Task goal → Transcribe the listing exactly, leaving out every picture.

Given information →
══════════════════════════════

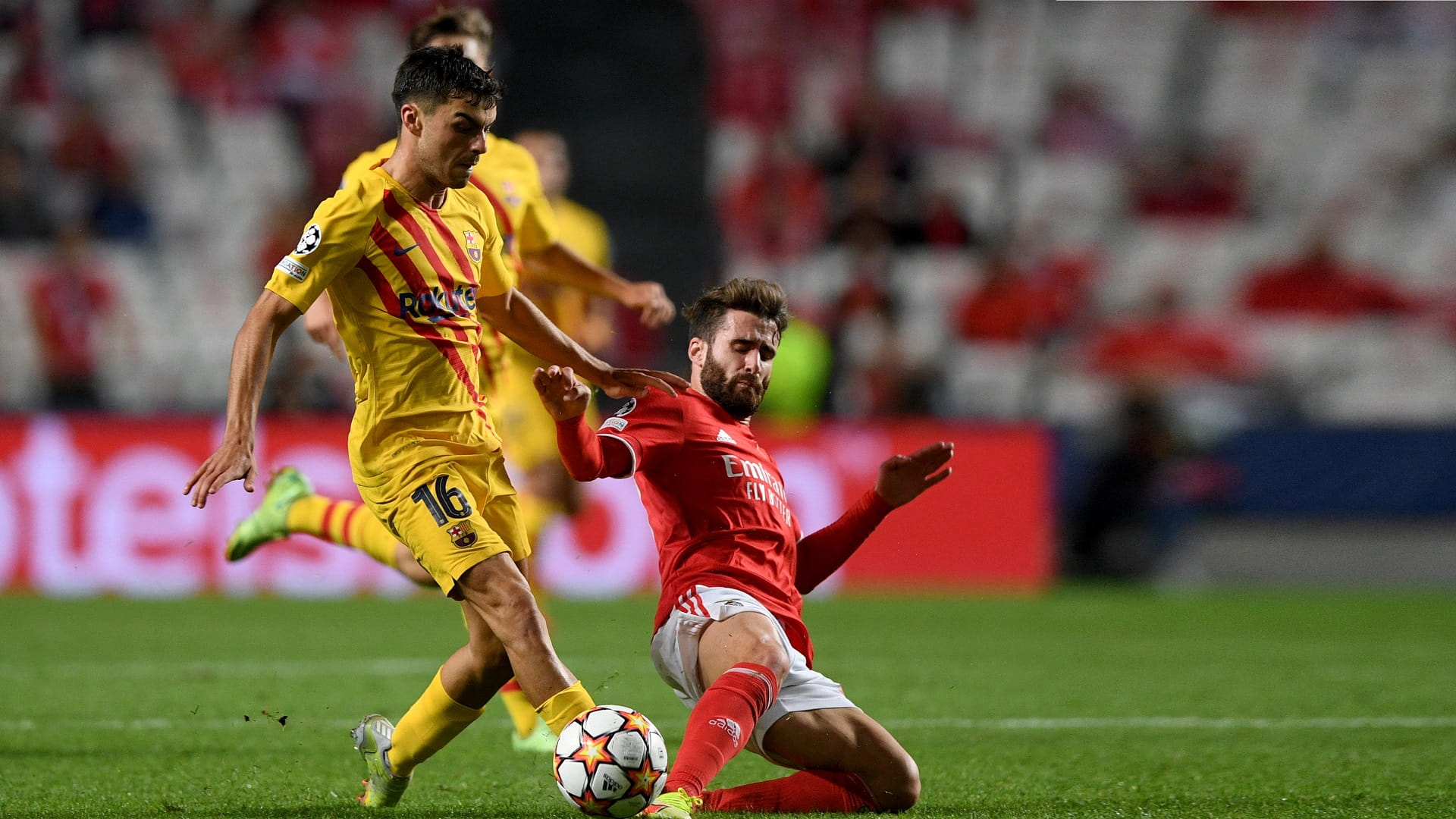 صورة بعنوان: نادي برشلونة الإسباني يمدد عقد بيدري حتى 2026 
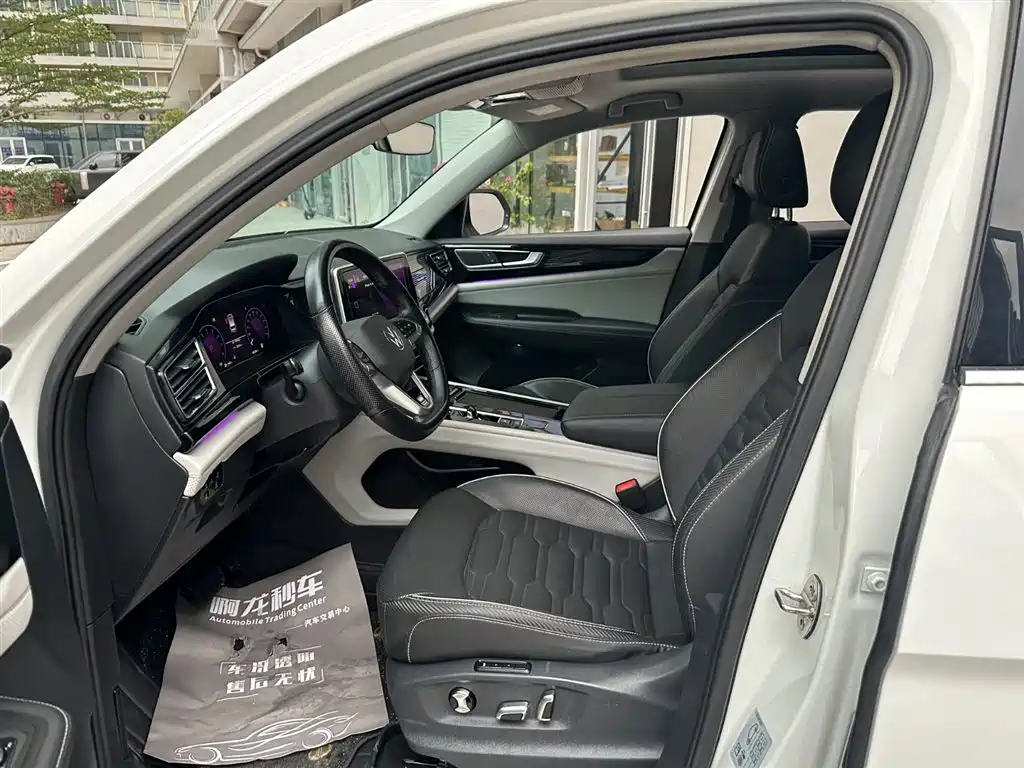 Touron 2021 Touron X 330TSI two-wheel drive luxury version купить на сайте DeffCars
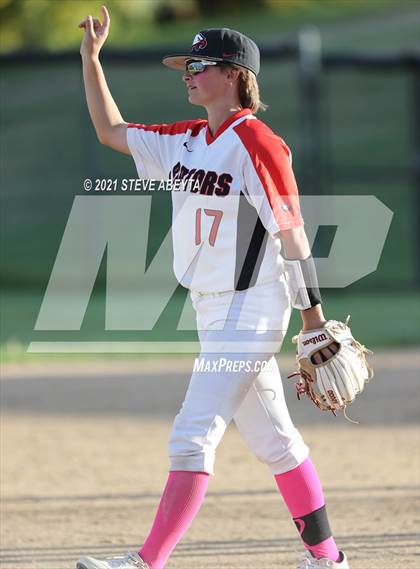 Thumbnail 3 in Mullen @ Eaglecrest photogallery.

══════════════════════════════

Your solution →
 صورة بعنوان: نادي برشلونة الإسباني يمدد عقد بيدري حتى 2026 
 Touron 2021 Touron X 330TSI two-wheel drive luxury version купить на сайте DeffCars
 Thumbnail 3 in Mullen @ Eaglecrest photogallery.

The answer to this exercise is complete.